_Collected data:_
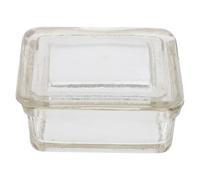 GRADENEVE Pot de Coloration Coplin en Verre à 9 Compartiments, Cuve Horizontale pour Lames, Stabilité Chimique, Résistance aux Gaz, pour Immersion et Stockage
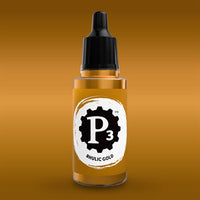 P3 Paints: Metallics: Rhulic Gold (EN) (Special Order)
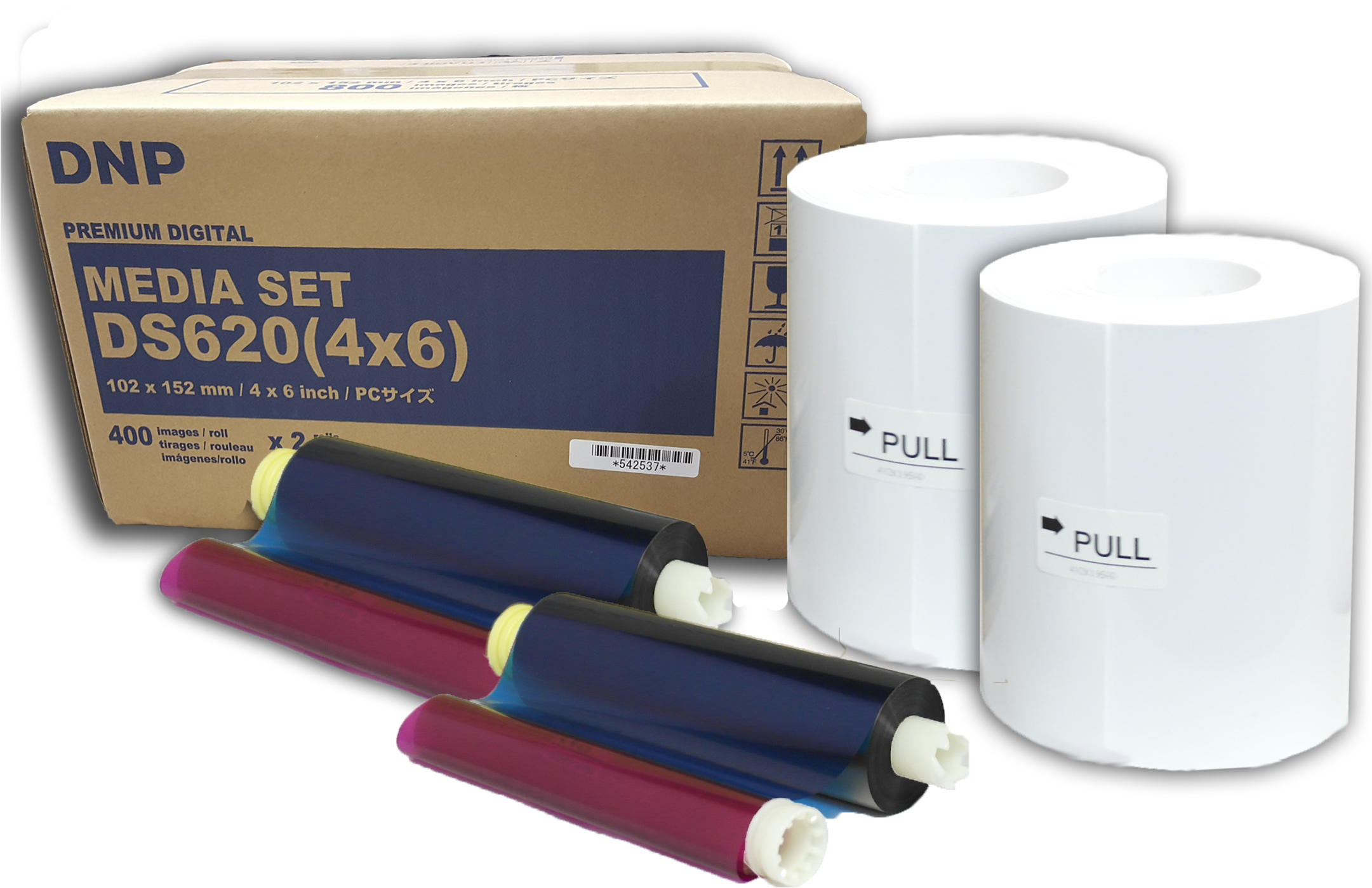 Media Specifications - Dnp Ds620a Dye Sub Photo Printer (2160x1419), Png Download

_Exercise prompt:_ No picture belongs in the copy; return the rest of the listing exactly.

_Answer to the problem:_
 GRADENEVE Pot de Coloration Coplin en Verre à 9 Compartiments, Cuve Horizontale pour Lames, Stabilité Chimique, Résistance aux Gaz, pour Immersion et Stockage
 P3 Paints: Metallics: Rhulic Gold (EN) (Special Order)
 Media Specifications - Dnp Ds620a Dye Sub Photo Printer (2160x1419), Png Download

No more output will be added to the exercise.